Beyond this, Dr. Huang also urges that his transfer violated his substantive due process right to continued employment in BAE free from arbitrary state action.9 Even assuming, arguendo, that Dr. Huang’s position as a BAE professor is a right subject to substantive review under the Due Process Clause,10 this claim fails. As the Supreme Court noted:
When judges are asked to review the substance of a genuinely academic decision, such as this one, they should show great respect for the faculty’s professional judgment. Plainly, they may not override it unless it is such a substantial departure from accepted norms as to demonstrate that the person or committee responsible did not actually exercise professional judgment.

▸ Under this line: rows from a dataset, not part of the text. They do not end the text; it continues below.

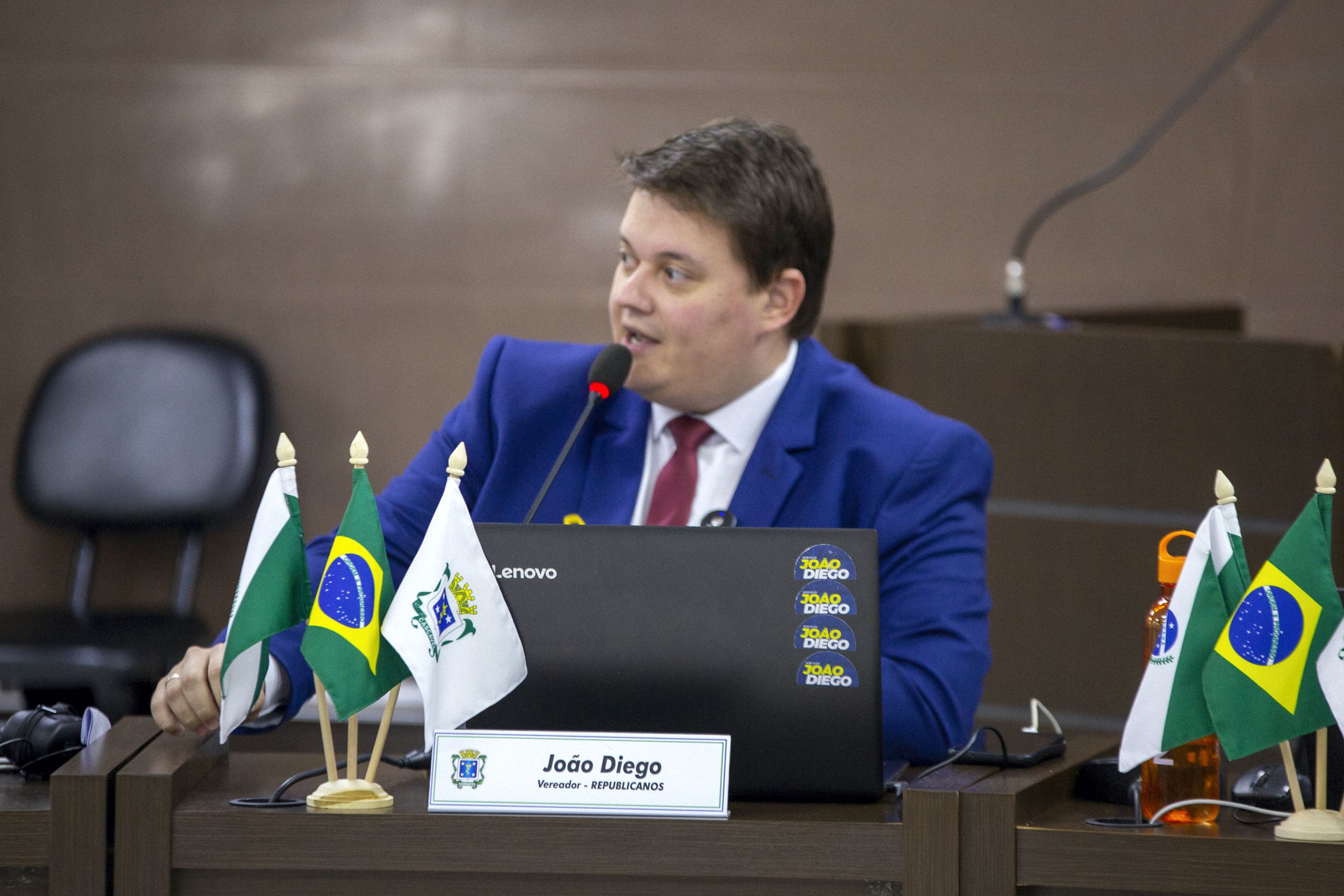 Vereador defende que o município tenha uma reserva para momentos de instabilidade ou emergência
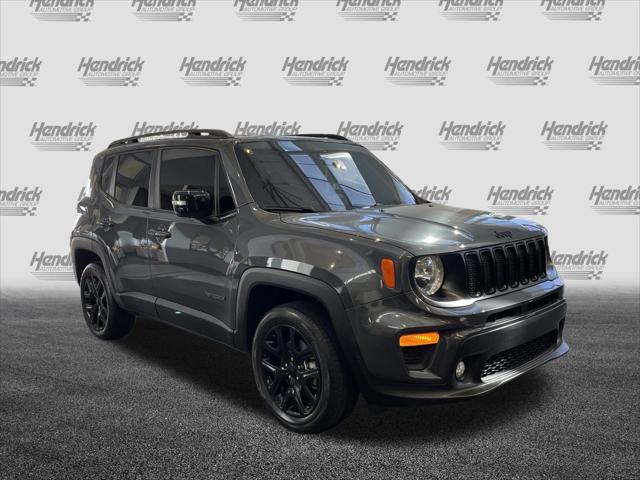 2023 Jeep Renegade Altitude 4x4 2023 Jeep Renegade Altitude 4x4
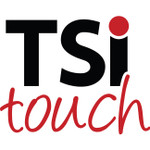 TSItouch TSI50PSWKTACCZZ Touchscreen Overlay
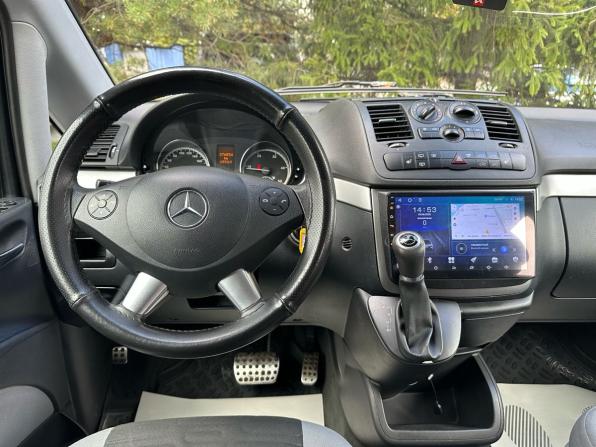 Mercedes-Benz Viano I (W639) Рестайлинг с пробегом 2010 года, цена 1 599 000 рублей, 376855 км, минивэн, Автокод Объявления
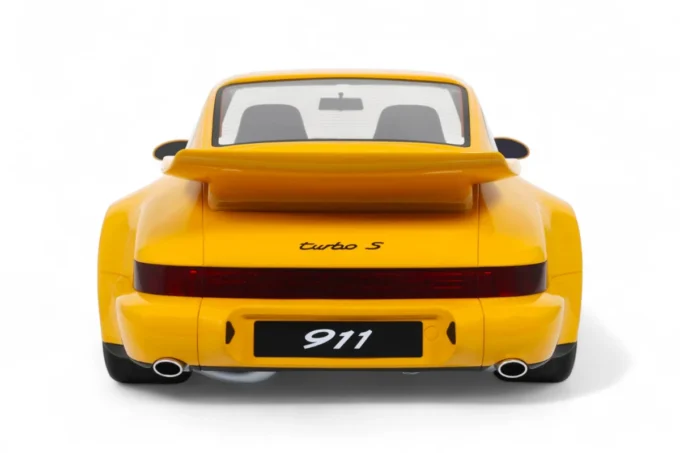 Porsche 911 (964) Turbo S - Image 4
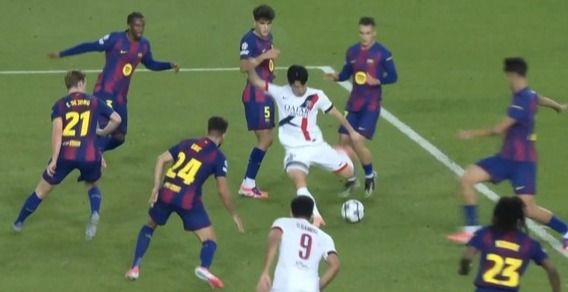 사진 = 스포티비 중계 화면 캡처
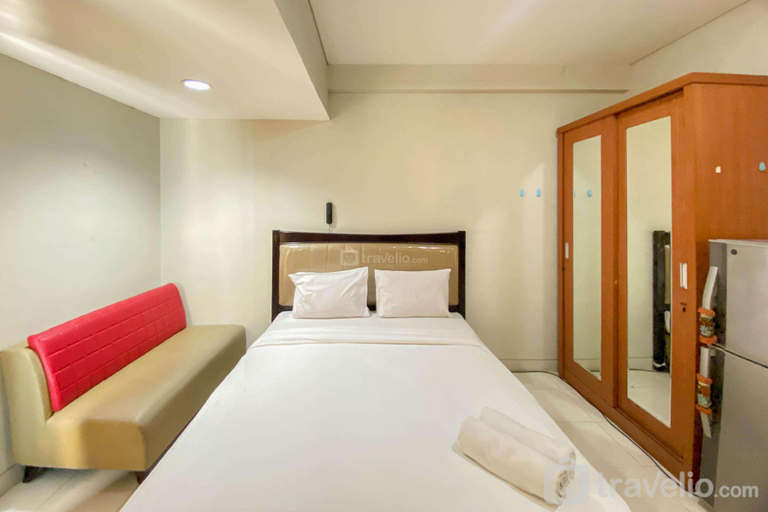 Bedroom 2, Good Deal Studio Tamansari Sudirman By Travelio, South Jakarta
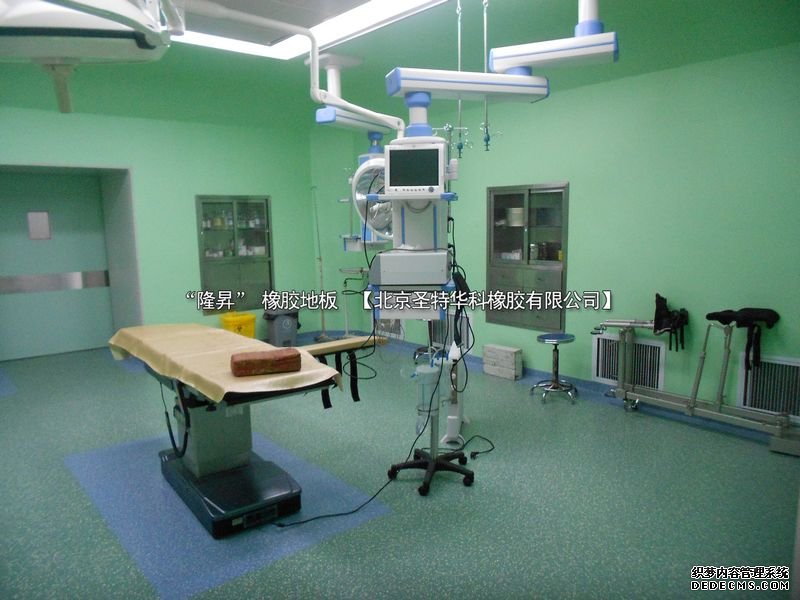 內蒙鄂爾多斯烏審旗人民醫院項目工程案例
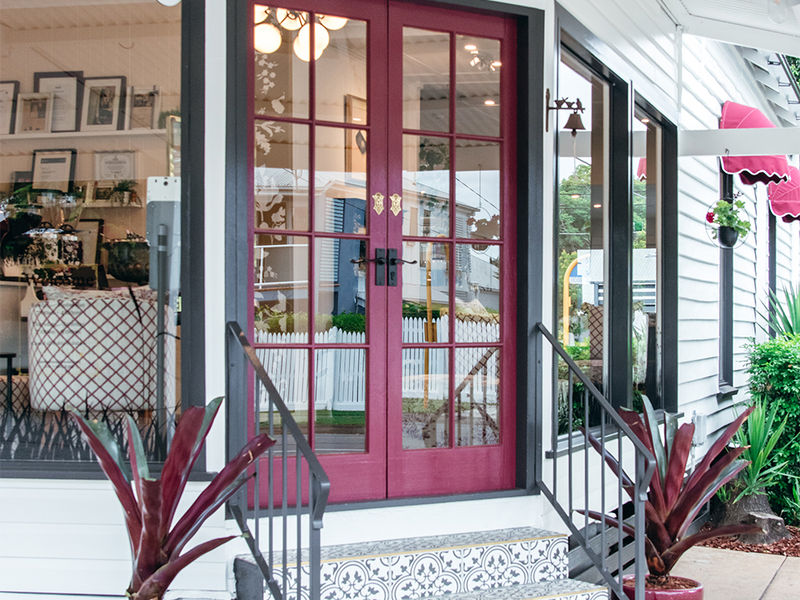 Dandelion & Driftwood image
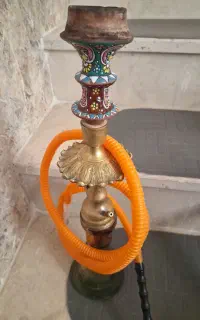 قلیان برنجه سوپاپ دار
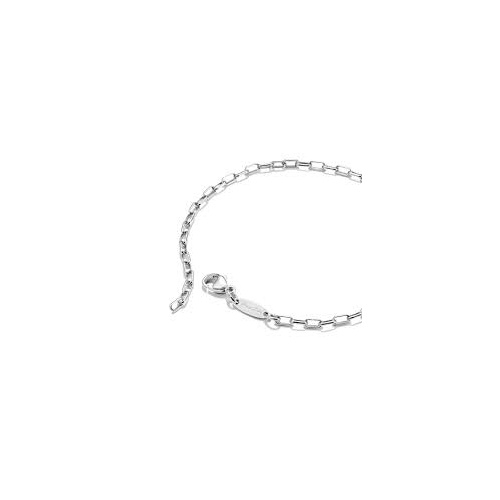 Thomas Sabo Charm bracelet paperclip Silver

Regents of the University of Michigan v. Ewing, 474 U.S. 214, 225, 106 S.Ct. 507, 513, 88 L.Ed.2d 523 (1985). And evidence that a decision was unwise or mistaken cannot establish a substantive due process claim. See Bishop v. Wood, 426 U.S. 341, 350, 96 S.Ct. 2074, 2080, 48 L.Ed.2d 684 (1976) (“the Due Process Clause of the Fourteenth Amendment is not a guarantee against incorrect or ill-advised personnel decisions”). Here, it is plain that a reasonable jury could not find that University officials failed to exercise their professional judgment or ventured “beyond the pale of reasoned academic decision-making.” Ewing, 474 U.S. 214, 227-28, 106 S.Ct. 507, 514-15, 88 L.Ed.2d 523 (1985). Thus, the district court correctly granted summary judgment on the substantive due process claim.
V
Finally, Dr. Huang claims that the district court abused its discretion when it refused to permit defense counsel to withdraw on the morning of trial. This claim is baseless. Defense counsel moved for leave to withdraw out of concern that a witness had made misrepresentations in an affidavit. Such a motion, as the parties agree, lies within the sound discretion of the trial judge. See Ohntrup v. Firearms Center, Inc., 802 F.2d 676, 679 (3rd Cir.1986); Andrews v. Bechtel Power Corp., 780 F.2d 124, 135 (1st Cir.1985), cert. denied, 476 U.S. 1172, 106 S.Ct. 2896, 90 L.Ed.2d 983 (1986); Washington v. Sherwin Real Estate, Inc., 694 F.2d 1081, 1087 (7th Cir.1982). Significantly, Dr. Huang vigorously opposed his counsel’s motion. This, in it*1143self, is sufficient to support the trial judge’s decision to deny the motion to withdraw. A party cannot have it both ways; he may not vigorously oppose his counsel’s motion to withdraw and then later, when he is dissatisfied with the result of a trial, claim that the trial court abused its discretion by ruling as he requested. See Washington, 694 F.2d at 1088 (abuse of discretion unlikely where client acquiesced in decision to permit counsel to withdraw); Thonen v. Jenkins, 455 F.2d 977 (4th Cir.1972) (a party cannot appeal from an order entered with his consent unless he establishes facts to nullify the consent). Thus the district court did not abuse its discretion when it agreed with Dr. Huang and denied his counsel’s eleventh hour withdrawal motion.
VI
For all the reasons stated herein, the district court’s grant of summary judgment is
AFFIRMED.
. Named as defendants and referred to here collectively as "appellees” are NCSU, the governing board of NCSU, the Board of Governors of the University of North Carolina, NCSU Chancellor Poulton and Frank J. Humenik, acting BAE chairman.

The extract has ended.